This is my thirteenth day, each
dawn thickening my fear. Better to
besiege my mind with unknowns. I wonder
how many times Sarah has come to the gate and been turned away. What has she told the children? Has Anthony been expelled from Winchester
because of a father in disgrace? But
mostly, I try to fathom the silence of the Queen.
There have been passages beyond a
fortnight when she hasn’t sent for me.
But not this time of year.
Winter always brings her a catarrh and with her first spew of phlegm I
am summoned. Assuming it has happened,
what has she been told? That this time
it’s her elderly physician who’s indisposed?
Perhaps another has been dispatched in my place, much younger, more
recently schooled and modern in method.
I think of worse alternatives. They who have spun this evil web may have
convinced her that I’ve been justly snared.
But their minds could not equal hers and she is always quick to detect
the devious. She’d never believe I’d
intend her any harm. More possible is
that I underestimate her desire for Essex and my ethics have undone me.
No. I must keep faith with her.
Simple explanations are always best.
Hampton Court is the warmest of the palaces and her lungs may be more
resilient this year. She hasn’t yet
sent for me. But she will. Any day now she will. The bolt will slide open and Topcliffe or a
warder will appear with apologies and a royal decree for my release.
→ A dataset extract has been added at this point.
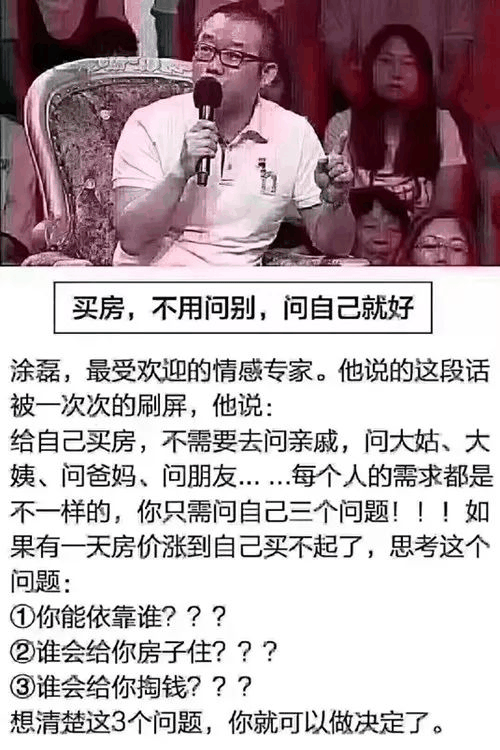 買房，自己認(rèn)同就夠了！！ 軍師太多，只有一種結(jié)果，就是挑來挑去挑花眼，一山盼著一山高！最終，你看中的房子，都成為別人的！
So far it has only been the Tom
O’Bedlam who enters. Having no tongue,
his attempts to speak produce a bubbling sound. But his hands have told me that my cell is larger than most, my
mattress softer, my desk a rarity and my window lets in more light than others
are granted. I’m grateful most for the
light. It is this writing which preserves my sanity. I feel slightly feverish today and must stop now. But there is more to tell.